First point of confusion: Why doesn't "bacon" show up in "git annex status"? I can "git annex copy --to bacon filename" and it will copy it there. Is there some step of setting it up that I missed? I basically just did "git remote add bacon ssh://bucket.foo.com/vid".
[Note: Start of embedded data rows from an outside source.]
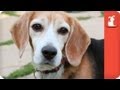 Inseparable Beagles Survive Years of Animal Testing - Tails of Survival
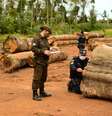 Agentes da Polícia Federal em operação contra a extração ilegal de madeira da Floresta Amazônica  Foto: Exército 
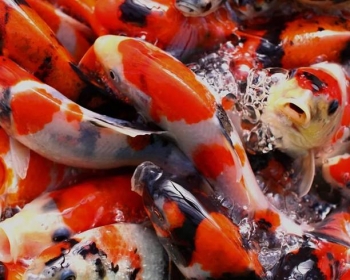 Карп кои (Carassius auratus var.)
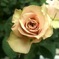 薔薇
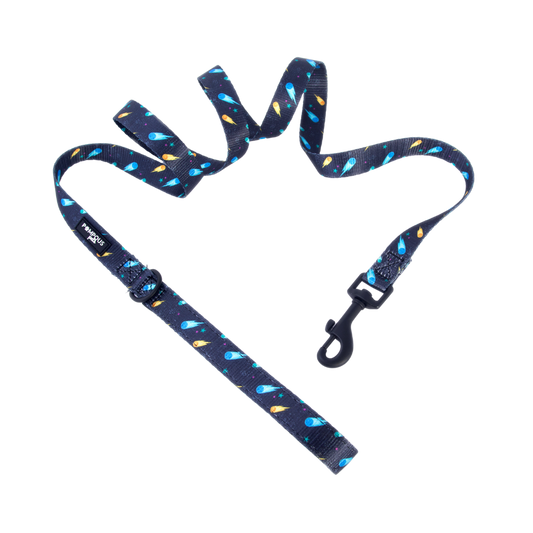 Comets Leash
Now I've started setting up the remotes on each host:

On bacon:

bacon$ git config --list | grep ^remote | sort
remote.origin.fetch=+refs/heads/*:refs/remotes/origin/*
remote.origin.url=https://git.foo.com/jim/vid.git
remote.psychosis.annex-uuid=09c0b436-f8de-11e0-842f-b7644539d57f
remote.psychosis.fetch=+refs/heads/*:refs/remotes/psychosis/*
remote.psychosis.url=ssh://psychosis.foo.com/vid

bacon$ git annex status
supported backends: WORM SHA1 SHA256 SHA512 SHA224 SHA384 SHA1E SHA256E SHA512E SHA224E SHA384E URL
supported remote types: git S3 bup directory rsync web hook
known repositories: 
        09c0b436-f8de-11e0-842f-b7644539d57f -- psychosis
        8f1f0898-f8c1-11e0-9bf2-b387af26ee63 -- here (bacon)
temporary directory size: 366 megabytes (clean up with git-annex unused)
local annex keys: 1
local annex size: 308 bytes
total annex keys: 2256
total annex size: 449 gigabytes
backend usage: 
        WORM: 2256

On bucket:

bucket$ git config --list | grep ^remote | sort
remote.origin.fetch=+refs/heads/*:refs/remotes/origin/*
remote.origin.url=https://git.foo.com/jim/vid.git
remote.psychosis.annex-uuid=09c0b436-f8de-11e0-842f-b7644539d57f
remote.psychosis.fetch=+refs/heads/*:refs/remotes/psychosis/*
remote.psychosis.url=ssh://psychosis.foo.com/vid

bucket$ git annex status
supported backends: WORM SHA1 SHA256 SHA512 SHA224 SHA384 SHA1E SHA256E SHA512E SHA224E SHA384E URL
supported remote types: git S3 bup directory rsync web hook
known repositories: 
        09c0b436-f8de-11e0-842f-b7644539d57f -- psychosis
        82814942-f8e0-11e0-b053-e70a61e98e19 -- here (bucket)
temporary directory size: 183 megabytes (clean up with git-annex unused)
local annex keys: 3
local annex size: 550 megabytes
total annex keys: 2256
total annex size: 449 gigabytes
backend usage: 
        WORM: 2256

But I'm getting weird results if I try to show the map from psychosis:

psychosis$ git annex map
$ git annex map
map /vid/tv ok
map bacon (sshing...) 
ok
map bucket (sshing...) 
ok
map origin 
failed
map psychosis (sshing...) 
jim@psychosis.foo.com's password: 
ok
map psychosis (sshing...) 
jim@psychosis.foo.com's password: 
ok

  running: dot -Tx11 map.dot

Second confusion: it's as if psychosis was considered a new remote each time? The generated map has psychosis listed with several redundant links:

Map

Is this some bug or do I just need to be hit with the clue bat?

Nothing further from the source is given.